Cela n'empêche pas qu'il puisse y avoir du mouvement sur certains points. Il y a parfois des processus au niveau national qui concernent l'intégrité sur le lieu de travail, sans pour autant réécrire la procédure de dénonciation elle-même. Un exemple en est la proposition de loi concernant la personne de confiance, qui traite d'un sujet différent du canal de dénonciation pour les irrégularités, mais qui a néanmoins des points de contact avec celui-ci dans la pratique. Celui qui souhaite suivre ce processus ferait bien de consulter la page de contenu appropriée à ce sujet plutôt que de supposer qu'il aura automatiquement un impact sur le régime de dénonciation existant.

Pourquoi "cette année" ne signifie pas automatiquement "nouvelle obligation"

Une partie de l'incertitude chez les employeurs provient d'informations suggérant qu'"il y a quelque chose qui arrive", sans qu'il soit clair exactement quoi et pour qui. C'est compréhensible : une proposition de loi passe généralement par plusieurs étapes, de la consultation à l'examen au parlement, avant d'entrer véritablement en vigueur. Pendant ce temps, les obligations de dénonciation existantes ne changent généralement pas. Il est donc plus judicieux de regarder ce qui est déjà établi dans le texte de loi que d'anticiper quelque chose qui n'a pas encore été adopté.

Il faut aussi noter que les règles peuvent différer sur certains points d'un État membre à l'autre, même si la directive UE est la base commune. Une modification discutée dans un pays n'a pas automatiquement lieu dans un autre pays. Pour une organisation ayant des établissements dans plusieurs pays de l'UE, il est donc utile de vérifier par pays ce qui se passe, plutôt que de supposer qu'un développement progresse de la même manière partout.

Comment rester informé sans devenir juriste vous-même

La plupart des employeurs n'ont pas besoin de suivre quotidiennement les processus législatifs. Ce qui aide, c'est un lieu permanent où la situation de chaque sujet a été clarifiée et reliée au texte officiel. Dans la base de connaissances dans laquelle chaque sujet est élaboré vous trouverez par thème la réponse courte et la source du texte officiel, afin que vous puissiez vous-même vérifier sur quelle source se base l'explication.
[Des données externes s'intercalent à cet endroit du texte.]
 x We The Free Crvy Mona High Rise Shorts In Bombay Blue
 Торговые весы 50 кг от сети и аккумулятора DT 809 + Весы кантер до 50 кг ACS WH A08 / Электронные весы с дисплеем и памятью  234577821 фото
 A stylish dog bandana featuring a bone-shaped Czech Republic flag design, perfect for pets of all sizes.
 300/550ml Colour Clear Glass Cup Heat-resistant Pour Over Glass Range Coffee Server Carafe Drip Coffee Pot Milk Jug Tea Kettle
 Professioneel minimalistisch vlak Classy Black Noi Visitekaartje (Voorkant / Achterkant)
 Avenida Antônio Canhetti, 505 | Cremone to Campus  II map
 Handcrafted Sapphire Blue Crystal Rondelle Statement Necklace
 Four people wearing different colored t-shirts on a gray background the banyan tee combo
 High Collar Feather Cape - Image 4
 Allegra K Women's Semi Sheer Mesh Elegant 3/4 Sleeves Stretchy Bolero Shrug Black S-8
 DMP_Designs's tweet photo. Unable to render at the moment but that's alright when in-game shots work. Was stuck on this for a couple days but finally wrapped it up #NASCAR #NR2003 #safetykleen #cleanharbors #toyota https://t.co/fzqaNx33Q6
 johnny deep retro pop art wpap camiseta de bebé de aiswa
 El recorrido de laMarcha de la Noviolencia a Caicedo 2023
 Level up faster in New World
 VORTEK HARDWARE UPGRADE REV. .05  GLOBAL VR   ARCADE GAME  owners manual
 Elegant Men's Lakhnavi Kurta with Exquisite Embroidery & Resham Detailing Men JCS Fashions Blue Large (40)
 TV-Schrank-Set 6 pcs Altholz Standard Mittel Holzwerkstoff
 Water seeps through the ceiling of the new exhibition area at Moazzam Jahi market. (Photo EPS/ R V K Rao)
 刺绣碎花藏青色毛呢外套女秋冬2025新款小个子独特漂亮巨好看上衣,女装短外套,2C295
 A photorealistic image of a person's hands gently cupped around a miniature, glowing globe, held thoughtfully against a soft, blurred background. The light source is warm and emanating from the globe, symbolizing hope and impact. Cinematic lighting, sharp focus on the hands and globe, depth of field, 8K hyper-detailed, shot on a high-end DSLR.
Si vous n'êtes pas certain que l'obligation de dénonciation s'applique à votre organisation, ou si vous doutez qu'une évaluation antérieure soit toujours valable, est le contrôle gratuit qui donne une indication en quelques questions un point de départ logique. Pour des doutes concrets concernant une situation spécifique, il est également judicieux de l'aperçu des questions fréquemment posées consulter, ou de demander à un juriste ou à l'autorité de surveillance compétente comment une modification affectera votre organisation. Signalo n'évalue elle-même aucune situation et ne donne pas de conseils juridiques; nous structurons le régime de dénonciation et surveillons les délais qui en découlen.

Ce que vous pouvez faire dès maintenant

Même si rien de majeur ne change cette année, il est judicieux de vérifier si le régime de dénonciation existant est toujours à jour: le bon responsable du traitement est-il mentionné, les délais sont-ils corrects, et les collaborateurs savent-ils où aller. C'est un travail indépendant des éventuels changements législatifs et qu'il convient d'examiner à nouveau de toute façon pour de nombreuses organisations. Plus d'informations sur la façon dont nous procédons et d'où proviennent nos informations, vous les lirez sur la page qui explique la provenance des informations.

Vous voulez savoir où se situe précisément votre organisation, sans avoir vous-même à déterminer quelles règles ont été modifiées quand? Faites le contrôle gratuit ou parcourez la base de connaissances; les deux sont consultables sans compte et vous donnent une image concrète en quelques minutes.

Cet article est une information générale et non un avis juridique.